Brooklyn Brewery

If you’ve never thought to enjoy your favorite blue cheese with a stout, or a plate of braised lamb with a raspberry lambic, then you haven’t yet met Chef Andrew Gerson.

Gerson always knew he wanted to follow his passion for cooking, but the typical restaurant route wasn’t for him. After completing his studies at the University of Gastronomic Sciences in Pollenzo, Italy, Gerson came back to the U.S. and eventually made his way to Brooklyn, where he’d help launch Antica Pesa Williamsburg. He became Head of Culinary Programming at Brooklyn Brewery in 2013, working alongside Brewmaster Garrett Oliver, a leading voice on food and beer. Now, Andrew spends endless nights across the country (and world) for the brewery’s Mash Tour, a nine-city traveling arts and culture festival that began this year in London and ended in New Orleans.

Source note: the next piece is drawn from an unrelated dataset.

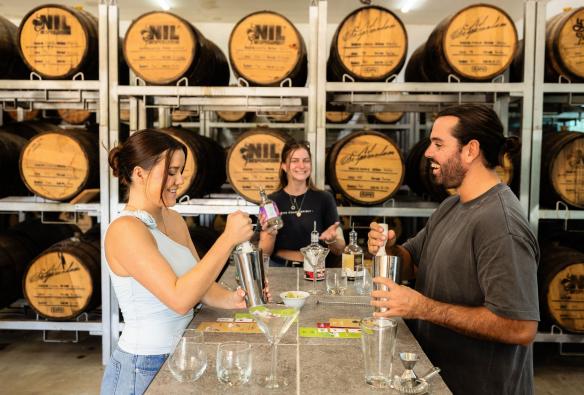 A couple tasting spirits, Sunshine and Sons, Sunshine Coast, Queensland © Tourism and Events Queensland 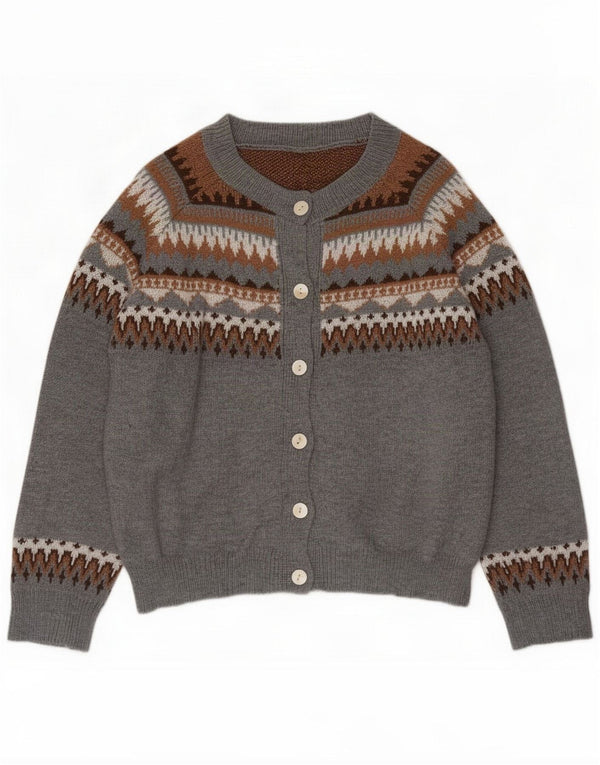 Cárdigan vintage para mujer UK 46 Grande Gris Fair Isle Poliéster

The Beer Necessities recently linked up with Gerson on his home turf in Williamsburg, Brooklyn, a neighborhood globally renowned for artisanal goods, where quality craft beers are as common as hipster beards and glorious street art. Andrew took us on a belly-bursting beer crawl of his favorite local spots to get a first hand taste of what keeps his appetite bubbling, and the lowdown on the art of pairing food with beer.

width:800 align:center credits:"Brittany Purlee"

TBN: Given the endless options available to you as BK Brewery’s head chef, how did you choose which beers to pair with which food on the Mash Tour?

AG: As beer is extremely versatile, there is a lot of wiggle room when pairing it with food. Most of the dinners we serve are more of a ‘choose your own adventure style,’ so as to demonstrate that versatility. Rather than saying ‘this specific beer is paired with this specific course,’ we’re letting our audience pick and choose from an array of big bottles on the table so they can experiment for themselves. We do spend a lot of time creating dishes and selecting beers that harmonize, cut, and contrast one another in an attempt to create new memorable dining experiences.

Have you found that people are more open to that approach nowadays?

I think there’s been a dynamic shift in people’s palates and also an increased appreciation for beer at the table. People are more adventurous these days: they are willing to try a tuna crudo with a sour, or a Belgian ale with a dry aged beef tartare. Whereas in years past, more people might have doubted a beer’s ability to pair with more elevated dishes.

We will drink and eat anything you give us. Anything. What will you serve?

There is so much flexibility! I really like to show diverse dishes. I’ll serve a really simple, light vegetable dish alongside a really hearty meat dish, and show how the beer complements both dishes for completely different reasons. For example, a sour with a raspberry base, like a framboise, is going to cut through a really rich lamb dish, accentuate the earthy funk of a roasted mushroom dish, or complement the light acidity and umami richness of a miso lemon vinaigrette on a kale salad. I think, rather than attempting to discover the ‘perfect pairing,’ it’s most important to explore versatility when pairing beer with food.

Those pairings you just mentioned sound irresistible. Are there any other specific pairings you’ve done that really stand out?

One of my favorites is a stout paired with blue cheese. You can use various cheeses like gorgonzola dolce; Neal's Yard Colston Bassett Stilton is also really amazing. Blue cheese and stout is not a pairing that would strike you as something that works -- yet they just harmonize incredibly and create a completely distinct flavor that is awesome. The goal of any pairing should be to take two elements and create something greater than the sum of their parts.

credits:"Brooklyn Brewery"

Speaking of unlikely pairings, what is the most peculiar beer you have worked with?

I’m not a fan of licorice, but we just did a triple Belgian brewed with licorice root, and I paired it with a whole roasted pig. It was incredible. Another surprising ingredient to pair with beer is uni. Uni works really nicely with a Saison. You get these light crisp aromatic flavors from the beer that is nuanced enough to not overpower the delicacy of the urchin, but it picks up on the sweetness and allows the briny nature to come through. High levels of effervescence elevate the subtle seafood notes, while cutting through the decadent richness of urchin. Saison and oysters are amazing as well.

On the flip side, are there any common challenges you run into when pairing beer with food?

I honestly don’t find that many challenges. I find pairing food with beer relatively easy. The greater challenge is changing people’s notions of beer’s ability to pair with food. As much as I think the palate has changed and evolved, beer is still looking for its place at the dinner table, specifically in the fine dining realm. Getting guests to come out to experience these things is a challenge. Although once they do, they get it and they’re hooked. You do see places where beer is shining, but few fine dining, high-end restaurants are as dedicated to their beer lists as to their wine or liquor lists. So I hope that we can bring beer back to its rightful place.